Could you copy exactly the lines below, beginning at the line with "This photo, carried" and stopping after the line with "two smiling beauty", with no pictures?

### Data extracts
══════════════════════════════

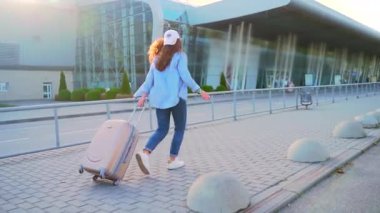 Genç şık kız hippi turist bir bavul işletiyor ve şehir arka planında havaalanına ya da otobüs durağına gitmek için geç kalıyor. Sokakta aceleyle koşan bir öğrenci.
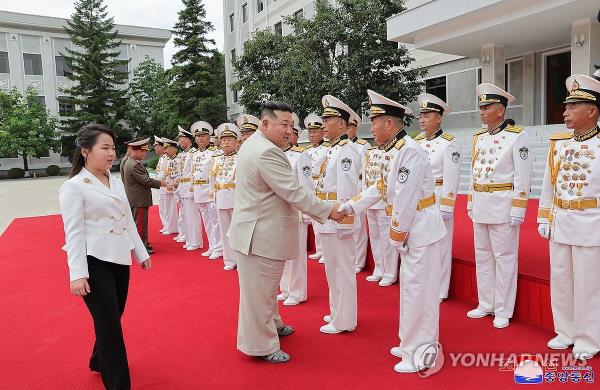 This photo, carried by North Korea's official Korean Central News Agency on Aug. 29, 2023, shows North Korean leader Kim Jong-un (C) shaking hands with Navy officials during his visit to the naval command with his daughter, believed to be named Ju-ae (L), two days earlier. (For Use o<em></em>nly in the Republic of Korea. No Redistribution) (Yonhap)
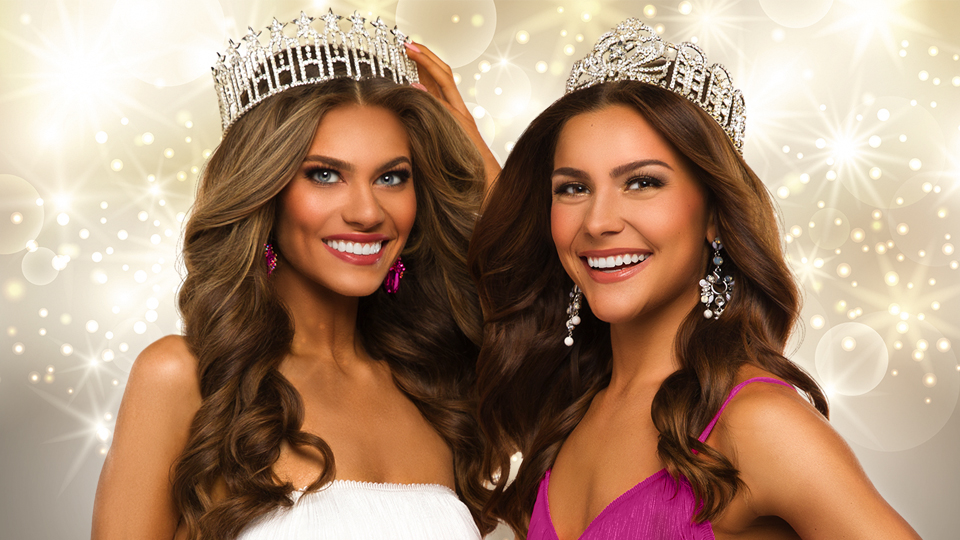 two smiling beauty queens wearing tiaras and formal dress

══════════════════════════════

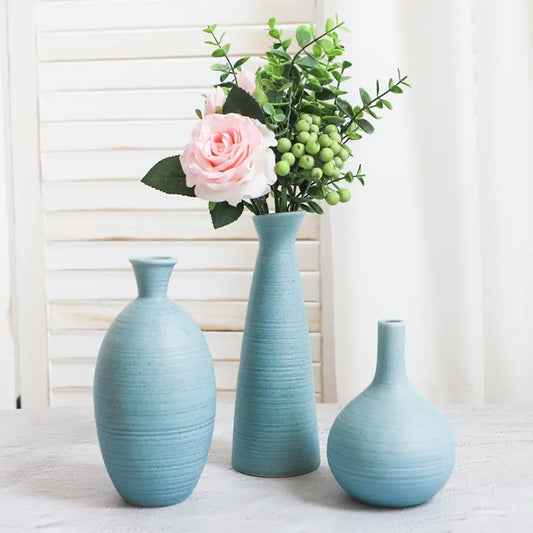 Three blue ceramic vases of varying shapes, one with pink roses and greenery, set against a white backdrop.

══════════════════════════════

### Answer box
 This photo, carried by North Korea's official Korean Central News Agency on Aug. 29, 2023, shows North Korean leader Kim Jong-un (C) shaking hands with Navy officials during his visit to the naval command with his daughter, believed to be named Ju-ae (L), two days earlier. (For Use o<em></em>nly in the Republic of Korea. No Redistribution) (Yonhap)
 two smiling beauty queens wearing tiaras and formal dress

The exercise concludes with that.